On September 7, 2007, three judges of the District of Columbia Circuit Court of Appeals heard oral arguments from three lawyers regarding whether the nation’s first private uranium enrichment plant would keep its license. The Louisiana Energy Services (LES) plant in southeastern New Mexico, near Eunice and the Texas state line, received its license on June 23, 2006 and is scheduled to being operations in 2009. (See Voices from the Earth, Fall 2006, for background.) The judges could issue a decision this fall, which could substantially determine the fate of the first large, new nuclear facility licensed in the United States in more than 30 years.

For Nuclear Information and Resource Service (NIRS) and Public Citizen (PC) that appealed the license, the major issues are whether a facility can be licensed that has no place to put its nuclear wastes, does not know even know what type of “low-level” wastes it will generate, and has not provided assured financing to pay for waste disposal. For the Nuclear Regulatory Commission (NRC), which issued the license, NIRS/PC does not have the legal right (“standing”) to bring the appeal because their members live near the enrichment plant, not near possible disposal sites. Moreover, NRC’s lawyers claim that some of the issues presented by NIRS/PC could not be raised with the court because they were not adequately presented to the NRC during the 30-month licensing proceeding. For LES, the court should recognize that the company has invested $250 million in hiring workers and starting construction and uphold the license.


The NIRS/PC Brief in Chief was filed on April 2, 2007. The Brief stated that NRC violated the Atomic Energy Act (AEA), the Administrative Procedure Act (APA), the National Environmental Policy Act (NEPA), and that one of the commissioners should not have participated in the licensing decision because he was biased against NIRS. The Brief argued that NRC violated Section 193 of the Atomic Energy Act because it supplemented the inadequate Environmental Impact Statement (EIS) after the hearing that is required by the law. The Brief also pointed out that the NRC agreed that there was an error regarding how the board that heard the case had ruled on waste disposal costs. But that decision came almost two months after the license was issued and after the appeal was filed, but the Commission still upheld the license. Since there has been no disposal in the U.S. of depleted uranium, the major radioactive waste from uranium enrichment, where, how, and how much were major issues throughout the licensing process. NIRS/PC argued that because depleted uranium persists for million of years, and the doses to the public at Envirocare in Utah, the proposed shallow land disposal site, would exceed radiation protection standards in a few hours, deep disposal is required. Instead, NRC found that depleted uranium is Class A low-level waste (LLW) and could be disposed at Envirocare, which can receive only that that waste classification. However, NRC’s own staff did not determine that its Part 61 low-level waste disposal regulations would be met at Envirocare. Instead, an NRC staffer had a phone conversation with a Utah regulator and based his opinion that Envirocare could be the disposal site on that conversation. Thus, it was not clear what basis NRC used to issue the license. As the Brief put it: “NRC has left licensing criteria in confusion, judicial review is not possible, and remand is required.”

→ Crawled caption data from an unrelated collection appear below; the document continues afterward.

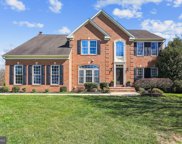 1703 Pretty Penny Ct, Brookeville image
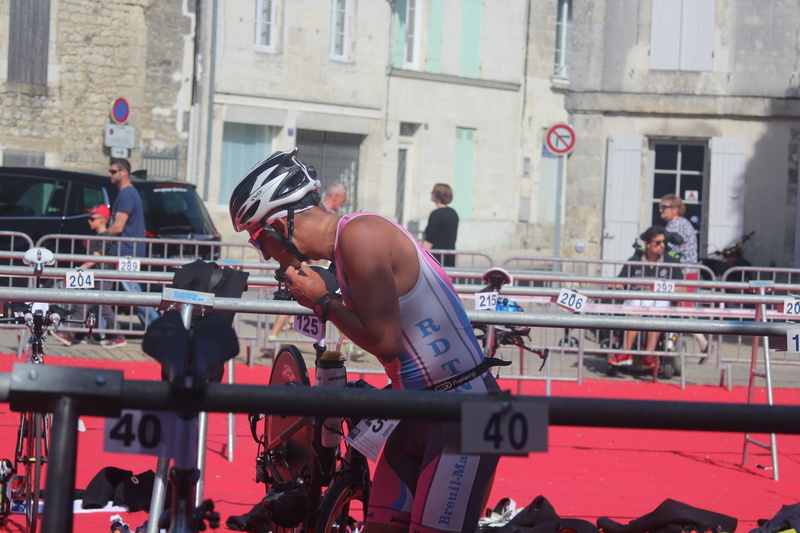 triathlon de saintes Img_5552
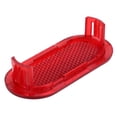 thumbnail image 4 of Reflector de Panel embellecedor de puerta Interior de coche 6Q0947419 para Beetle Caddy Polo Touran, 4 of 4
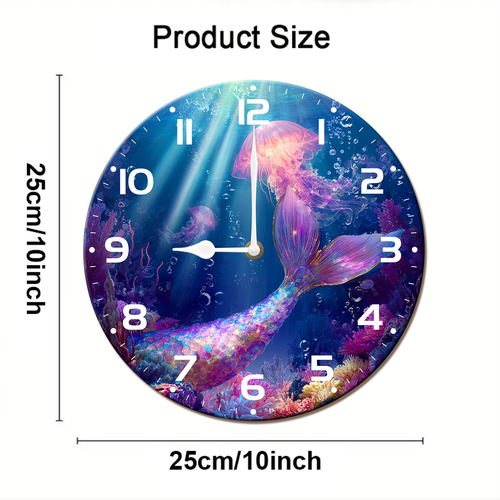 66 SZ26N 0901 04.png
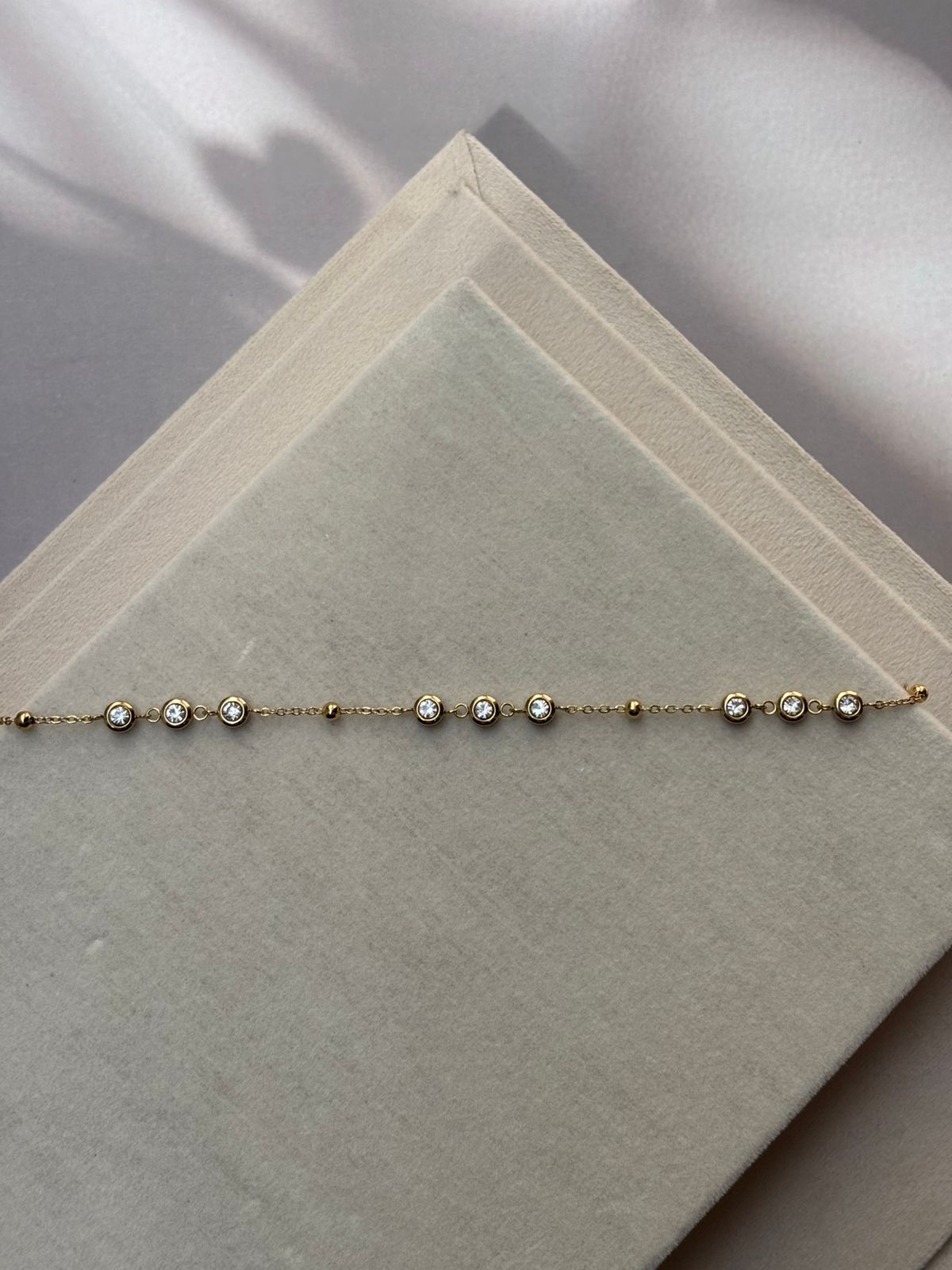 BRACELET -C127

The NRC Response Brief was filed on May 16, 2007. It stated that the NIRS/PC local residents “live in New Mexico and won’t be affected by disposal impacts out-of-state….Hence, they lack standing to litigate DU [depleted uranium] claims.” The Brief also stated that “NRC did not, and was not required to, decide now whether Envirocare (or any specific site) met Part 61 standards.” The Brief also stated that NIRS/PC could not argue against the disposal cost financial assurance, because it did not challenge the allowance before the NRC. Further, the Brief stated: “the Commission expressly acknowledged that properly classifying large quantities of DU is an open question, requiring further study by NRC staff, a study the Commission directed its staff to undertake.”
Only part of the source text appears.